Re: [CODE4LIB] Processing Circ data

2015-08-05 Thread Kevin Ford

Hi Cindy,

This doesn't quite address your issue, but, unless you've hit the 2 GB 
Access size limit [1], Access can handle a good deal more than 250,000 
item records (rows, yes?) you cited.


What makes you think you've hit the limit?  Slowness, something else?

All the best,
Kevin

[1] 
https://support.office.com/en-us/article/Access-2010-specifications-1e521481-7f9a-46f7-8ed9-ea9dff1fa854






On 8/5/15 3:07 PM, Harper, Cynthia wrote:

Hi all. What are you using to process circ data for ad-hoc queries.  I usually 
extract csv or tab-delimited files - one row per item record, with identifying 
bib record data, then total checkouts over the given time period(s).  I have 
been importing these into Access then grouping them by bib record. I think that 
I've reached the limits of scalability for Access for this project now, with 
250,000 item records.  Does anyone do this in R?  My other go-to- software for 
data processing is RapidMiner free version.  Or do you just use MySQL or other 
SQL database?  I was looking into doing it in R with RSQLite (just read about 
this and sqldf  http://www.r-bloggers.com/make-r-speak-sql-with-sqldf/ ) 
because I'm sure my IT department will be skeptical of letting me have MySQL on 
my desktop.  (I've moved into a much more users-don't-do-real-computing kind of 
environment).  I'm rusty enough in R that if anyone will give me some start-off 
data import code, that would be great.

Cindy Harper
E-services and periodicals librarian
Virginia Theological Seminary
Bishop Payne Library
3737 Seminary Road
Alexandria VA 22304
char...@vts.edumailto:char...@vts.edu
703-461-1794



Re: [CODE4LIB] Processing Circ data

2015-08-05 Thread Harper, Cynthia
Well, I guess it could be bad data, but I don't know how to tell. I think I've 
done more than this before.

I have a Find duplicates query that groups by bib record number.  That query 
seemed to take about 40 minutes to process. Then I added a criterion to limit 
to only records that had 0 circs this year. That query displays the rotating 
cursor, then says Not Responding, then the cursor, and loops through that for 
hours.  Maybe I can find the Access bad data, but I'd be glad to find a more 
modern data analysis software.  My db is 136,256 kb.  But adding that extra 
query will probably put it over the 2GB mark.  I've tried extracting to a csv, 
and that didn't work. Maybe I'll try a Make table to a separate db.
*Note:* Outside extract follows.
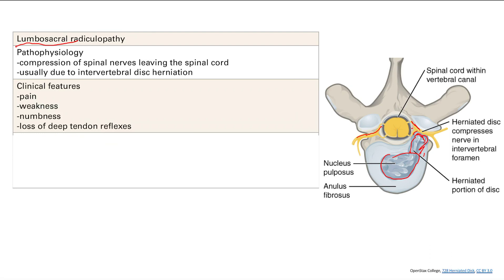You might think you need to memorize huge charts showing S1, S2, and so on — but you don't have to memorize all that. It's pretty easy because you just have to know your deep tendon reflex levels. For example, if you know that L3 and L4 is the patellar reflex, you know that compression at L3 and L4 means you're going to lose the patellar reflex.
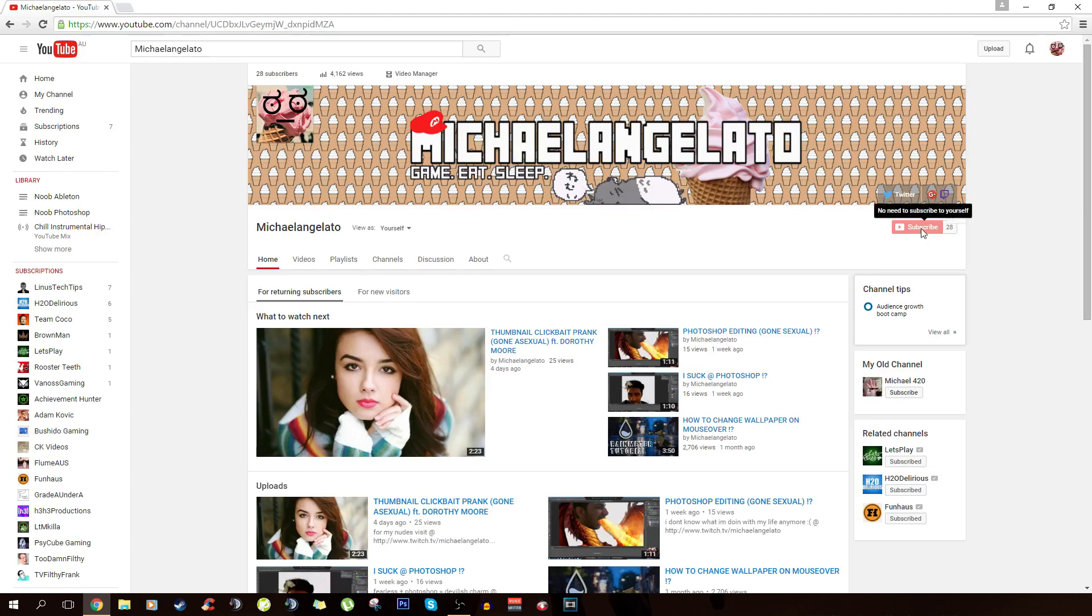what the fuck, YouTube, why are you not letting me subscribe to my own channel? I work so hard on this tutorial and now you have fucked me over.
Or the OpenRefine suggestion sounds good too.

Cindy Harper

-Original Message-
From: Code for Libraries [mailto:CODE4LIB@LISTSERV.ND.EDU] On Behalf Of Kevin 
Ford
Sent: Wednesday, August 05, 2015 4:23 PM
To: CODE4LIB@LISTSERV.ND.EDU
Subject: Re: [CODE4LIB] Processing Circ data

Hi Cindy,

This doesn't quite address your issue, but, unless you've hit the 2 GB Access 
size limit [1], Access can handle a good deal more than 250,000 item records 
(rows, yes?) you cited.

What makes you think you've hit the limit?  Slowness, something else?

All the best,
Kevin

[1]
https://support.office.com/en-us/article/Access-2010-specifications-1e521481-7f9a-46f7-8ed9-ea9dff1fa854





On 8/5/15 3:07 PM, Harper, Cynthia wrote:
 Hi all. What are you using to process circ data for ad-hoc queries.  I 
 usually extract csv or tab-delimited files - one row per item record, with 
 identifying bib record data, then total checkouts over the given time 
 period(s).  I have been importing these into Access then grouping them by bib 
 record. I think that I've reached the limits of scalability for Access for 
 this project now, with 250,000 item records.  Does anyone do this in R?  My 
 other go-to- software for data processing is RapidMiner free version.  Or do 
 you just use MySQL or other SQL database?  I was looking into doing it in R 
 with RSQLite (just read about this and sqldf  
 http://www.r-bloggers.com/make-r-speak-sql-with-sqldf/ ) because ...  I'm 
 rusty enough in R that if anyone will give me some start-off data import 
 code, that would be great.

 Cindy Harper
 E-services and periodicals librarian
 Virginia Theological Seminary
 Bishop Payne Library
 3737 Seminary Road
 Alexandria VA 22304
 char...@vts.edumailto:char...@vts.edu
 703-461-1794



Re: [CODE4LIB] Processing Circ data

2015-08-05 Thread Kevin Ford
On the surface, your difficulties suggest you may need look at a few 
optimization tactics. Apologies if these are things you've already 
considered and addressed - just offering a suggestion.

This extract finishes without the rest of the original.